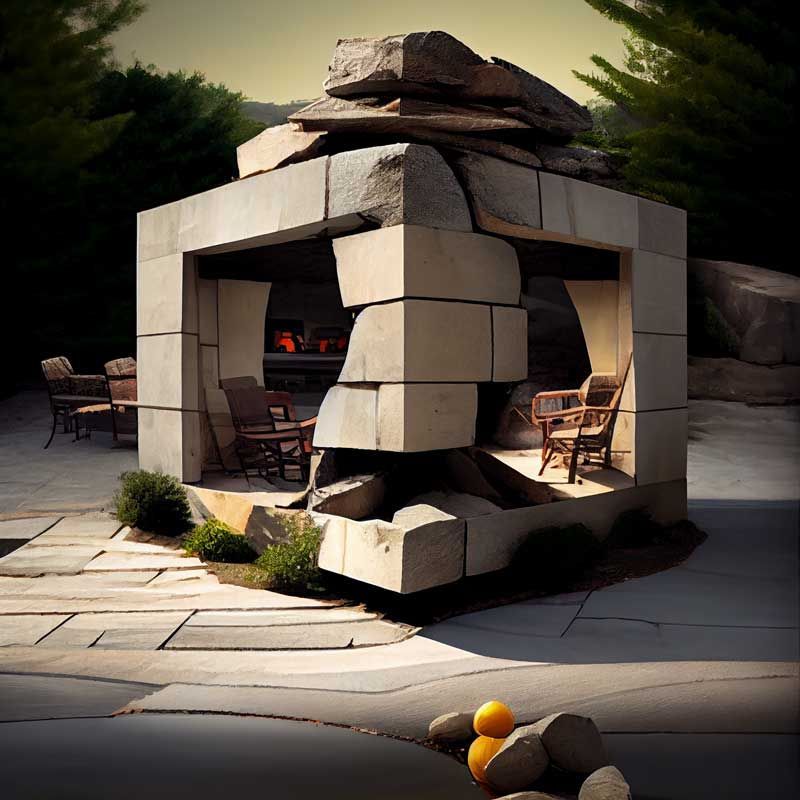 A stone structure with a fireplace inside of it
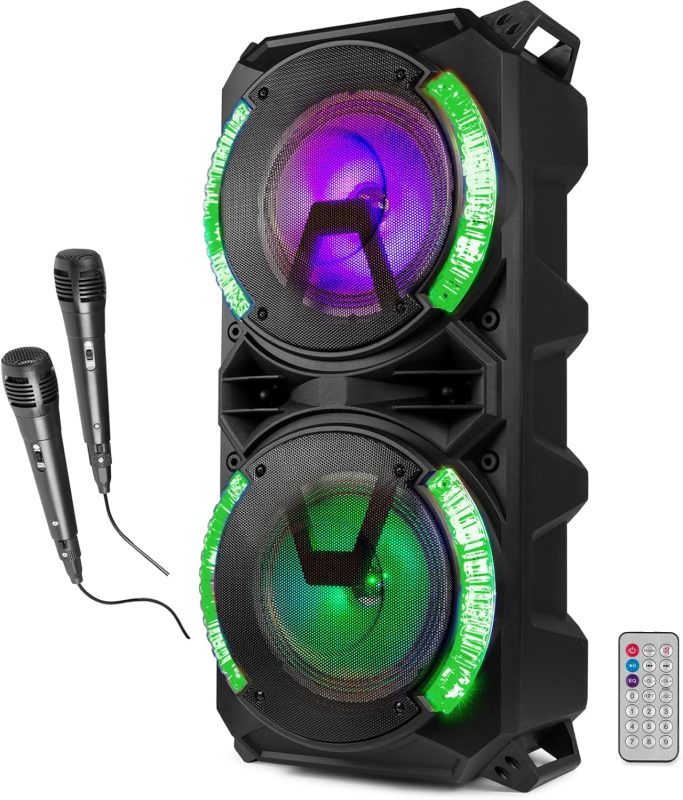 Fenton LIVE280 – Portable Bluetooth Speaker LED 900 W, 2 x Microphone, Trolley and Wheels, LED Light Front Speakers (On/Off), USB and Micro SD, AUX, Bluetooth 5.0 Connection, Battery or Current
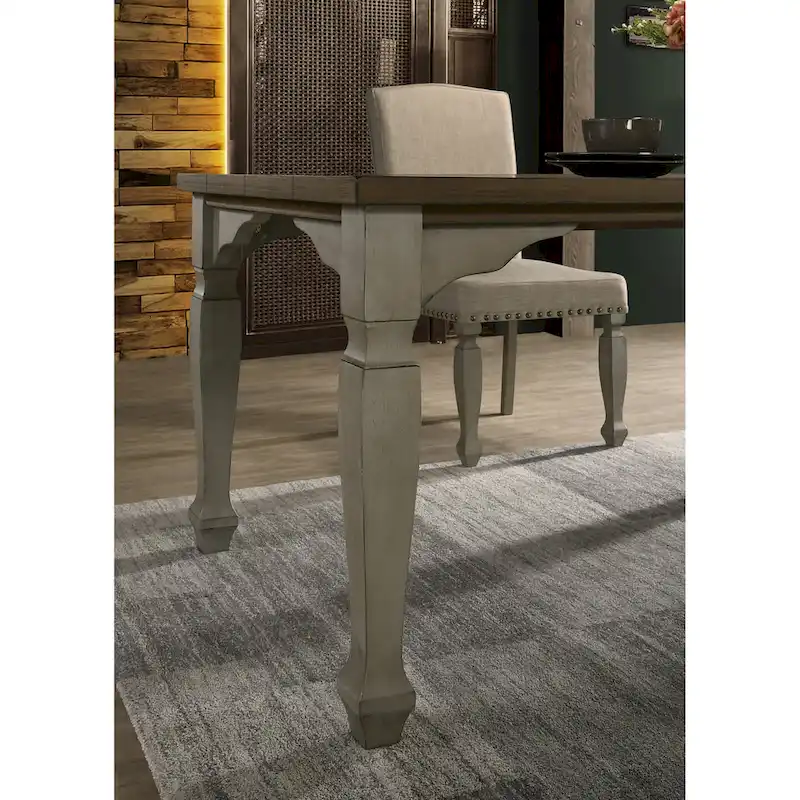 Roundhill Furniture Breda Antique Gray and Dark Oak Finished Wood Dining Set, Table with Six Chairs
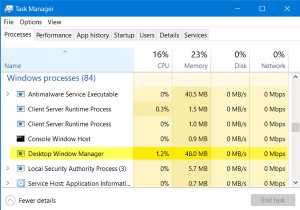 デスクトップウィンドウマネージャーdwm.exeは、高いCPU、GPU、またはメモリを消費します 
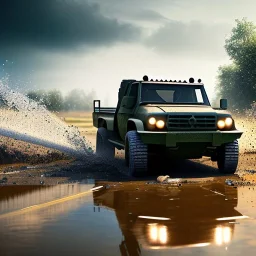 photorealistic shot, muddy military toy truck, monotone color palette, sharp focus, puddle reflection, tire water splash, refraction, mist on the horizon, shadowcast, detailed and intricate, cinematic composition, micro, tilt shift photography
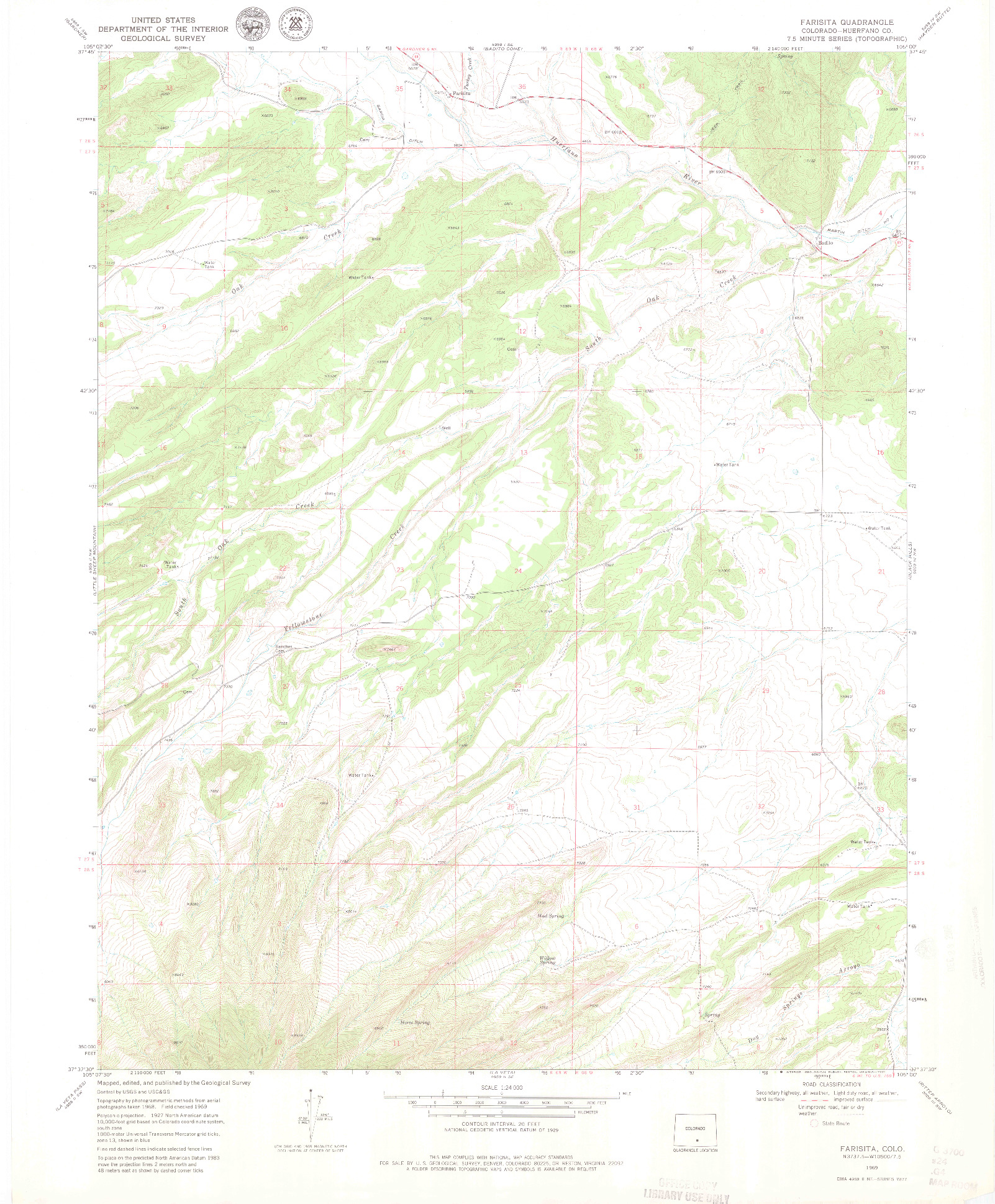 USGS 1:24000-SCALE QUADRANGLE FOR FARISITA, CO 1969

# # # # #

* [WORK TASK]: None of the pictures should appear; copy the rest of the material above exactly.

* [RESULT BELOW]:
 A stone structure with a fireplace inside of it
 Fenton LIVE280 – Portable Bluetooth Speaker LED 900 W, 2 x Microphone, Trolley and Wheels, LED Light Front Speakers (On/Off), USB and Micro SD, AUX, Bluetooth 5.0 Connection, Battery or Current
 Roundhill Furniture Breda Antique Gray and Dark Oak Finished Wood Dining Set, Table with Six Chairs
 デスクトップウィンドウマネージャーdwm.exeは、高いCPU、GPU、またはメモリを消費します 
 photorealistic shot, muddy military toy truck, monotone color palette, sharp focus, puddle reflection, tire water splash, refraction, mist on the horizon, shadowcast, detailed and intricate, cinematic composition, micro, tilt shift photography
 USGS 1:24000-SCALE QUADRANGLE FOR FARISITA, CO 1969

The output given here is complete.